## [TASK TO CARRY OUT]
Reproduce the entries exactly and omit the pictures.

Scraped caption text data

= = = = = = =

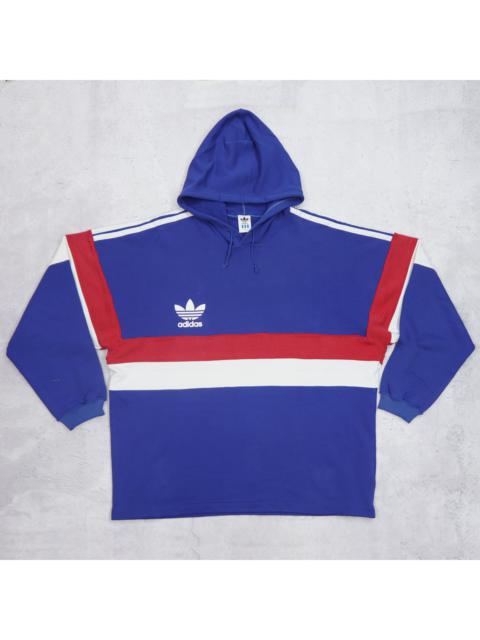 adidas Vintage 90s ADIDAS Descente Japan Big Logo Sweater Sweatshirt Hoodie Pullover Jumper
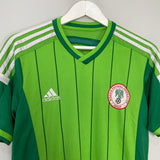 2014/15 NIGERIA HOME SHIRT (S) ADIDAS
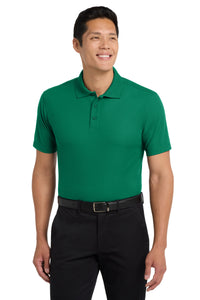 Port Authority Dry Zone Grid Polo - Jewel Green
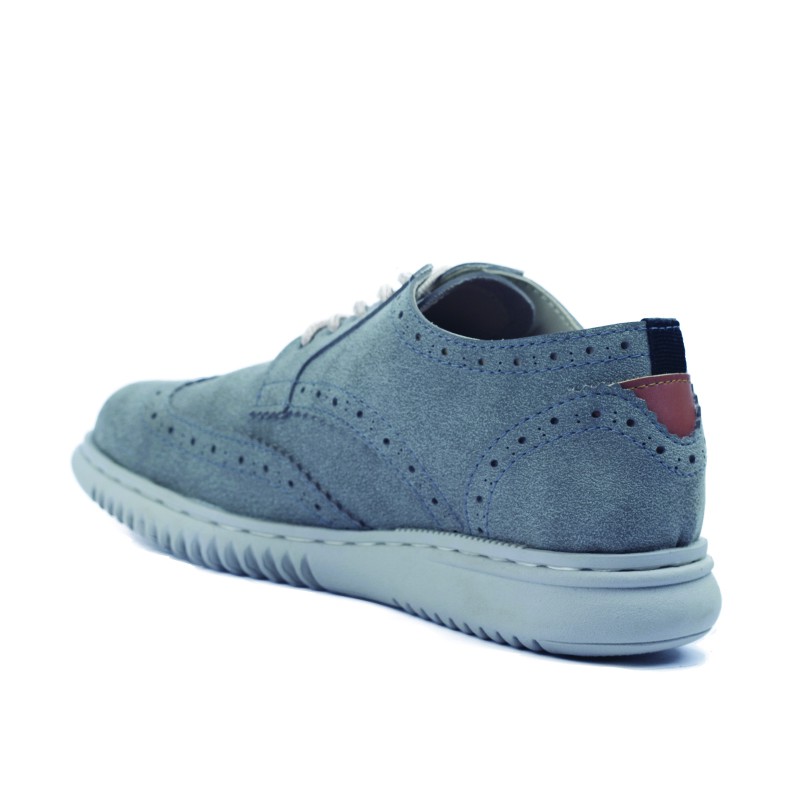 Gibson Wingtip Grey | Sepatu Sneakers Kerja Ori Tali Pria/Men Sneaker Footwear | FORIND x Giant Flames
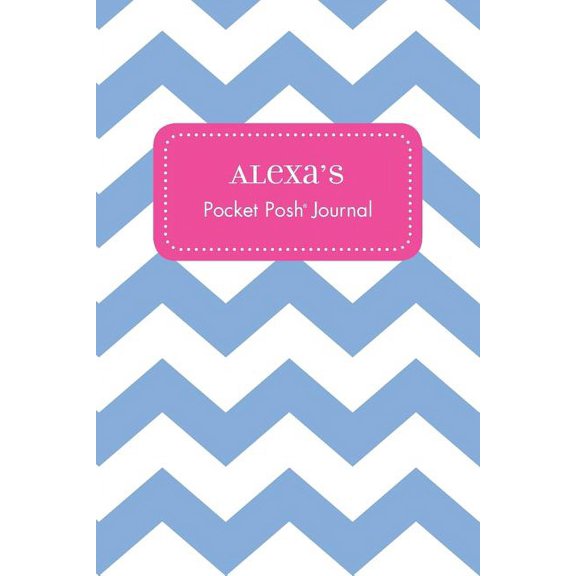 Alexa's Pocket Posh Journal, Chevron (Paperback)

= = = = = = =

## [RESULT]
 adidas Vintage 90s ADIDAS Descente Japan Big Logo Sweater Sweatshirt Hoodie Pullover Jumper
 2014/15 NIGERIA HOME SHIRT (S) ADIDAS
 Port Authority Dry Zone Grid Polo - Jewel Green
 Gibson Wingtip Grey | Sepatu Sneakers Kerja Ori Tali Pria/Men Sneaker Footwear | FORIND x Giant Flames
 Alexa's Pocket Posh Journal, Chevron (Paperback)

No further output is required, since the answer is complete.